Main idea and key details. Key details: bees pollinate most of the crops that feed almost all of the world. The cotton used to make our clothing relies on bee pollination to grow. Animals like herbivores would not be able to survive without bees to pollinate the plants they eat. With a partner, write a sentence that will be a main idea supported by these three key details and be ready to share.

==

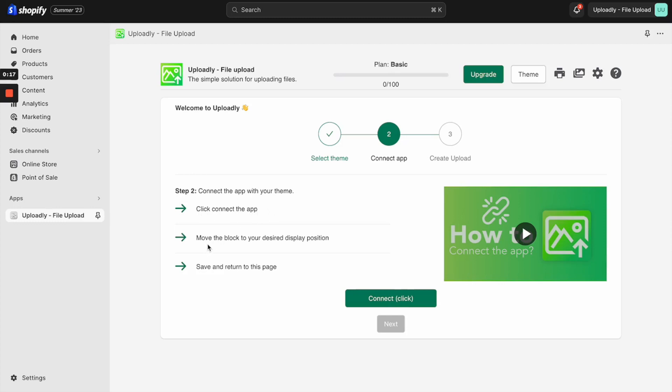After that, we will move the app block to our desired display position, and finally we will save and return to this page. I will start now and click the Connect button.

--

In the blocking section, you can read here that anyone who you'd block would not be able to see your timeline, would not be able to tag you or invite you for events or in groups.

*Problem requirements*.
Among the records above, find each line holding the string "able" and pull it out.

*Response area*.
Main idea and key details. Key details: bees pollinate most of the crops that feed almost all of the world. The cotton used to make our clothing relies on bee pollination to grow. Animals like herbivores would not be able to survive without bees to pollinate the plants they eat. With a partner, write a sentence that will be a main idea supported by these three key details and be ready to share.
In the blocking section, you can read here that anyone who you'd block would not be able to see your timeline, would not be able to tag you or invite you for events or in groups.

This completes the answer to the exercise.